Noureddine Melikechi : Je le pense sincèrement. Le Conseil peut jouer ce rôle de trait d’union, à condition que la relation soit fondée sur le respect, l’écoute et la complémentarité. Il ne faut surtout pas voir la diaspora comme une force extérieure qui viendrait donner des leçons.
Je suis convaincu qu’aucun membre de ce Conseil n’a cette attitude. La diaspora scientifique doit plutôt être considérée comme une extension du potentiel scientifique national, appelée à travailler avec les compétences présentes en Algérie.
Les chercheurs, ingénieurs, médecins et universitaires établis en Algérie connaissent les réalités du terrain, les contraintes institutionnelles, les besoins des universités, des laboratoires, des hôpitaux, des entreprises et de l’économie nationale.
Les scientifiques de la diaspora, eux, peuvent apporter des réseaux internationaux, des expériences différentes, l’accès à des plateformes scientifiques avancées, ainsi qu’une connaissance des standards mondiaux en matière de recherche, d’innovation et de formation.

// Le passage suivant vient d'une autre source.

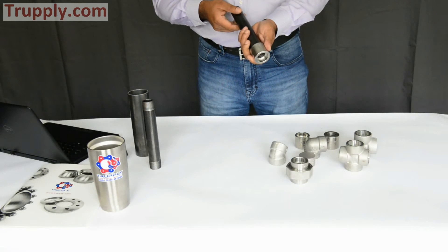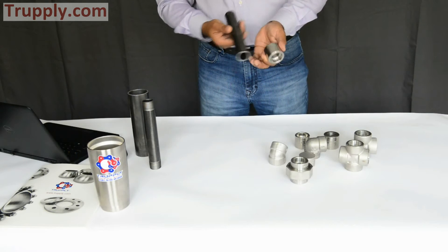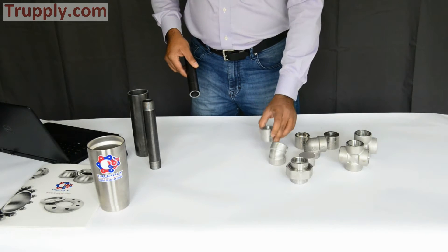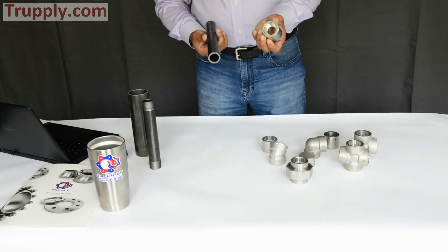Let's start with the different types of socket weld fittings. This is a socket weld coupling — you insert a pipe here, weld it on this side, and weld it on the other side, and that makes a coupling.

Le Conseil peut donc aider à créer une passerelle utile entre ces deux mondes.
Mais l’essentiel est de rappeler qu’il ne s’agit pas de remplacer les compétences nationales, mais de les renforcer. Le développement scientifique et technologique de l’Algérie se fera avec les scientifiques qui travaillent en Algérie et avec ceux de la diaspora, dans une logique de confiance, de respect mutuel et de complémentarité.

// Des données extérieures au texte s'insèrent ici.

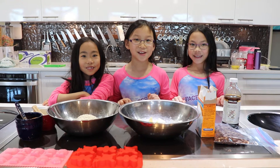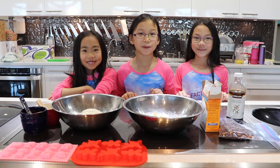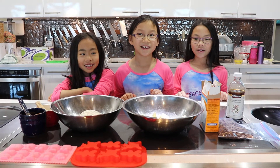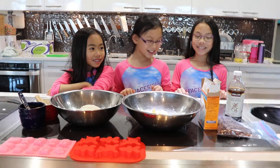Hi, who are you? We're the Panda Baking Team. And what are you baking today? Cookies. What kind of cookies? Chocolate chip.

Beaucoup d’Algériens de la diaspora, dont des scientifiques de renom, ont fait part de leur volonté de participer au développement de l’Algérie. Mais les actions concrètes ne suivent pas. Qu’est ce qui manque ?
Noureddine Melikechi : Je dirais que la volonté ne manque pas. Ce qui manque souvent, ce sont des mécanismes bien structurés. Beaucoup de scientifiques algériens à l’étranger veulent aider.
Mais ils ne savent pas toujours à qui s’adresser, comment proposer une contribution, quels sont les besoins prioritaires, ni comment leurs propositions seront examinées et suivies. De l’autre côté, les institutions algériennes ne disposent pas toujours d’une cartographie claire des compétences disponibles à l’étranger.
Ce Conseil pourrait réfléchir à proposer aux institutions algériennes les plus appropriées à créer des dispositifs concrets. Des exemples que d’autres pays ont choisis ne manquent pas : programmes de professeurs ou chercheurs invités, missions de courte durée, projets de recherche conjoints, co-encadrement de thèses, mentorat, soutien à l’innovation, liens avec les entreprises et plateformes numériques de collaboration.
Ce Conseil pourrait apporter de nouvelles idées en proposant des mécanismes adaptés aux réalités algériennes et à celles des scientifiques établis à l’étranger.
Enfin, et c’est essentiel à mon avis, tout cela demande de construire la confiance. La diaspora doit sentir que sa contribution est prise au sérieux, et les institutions nationales doivent sentir que cette contribution est utile, réaliste et respectueuse des priorités du pays. C’est cette confiance, associée à des mécanismes simples et efficaces, qui permettra de passer des bonnes intentions aux actions concrètes.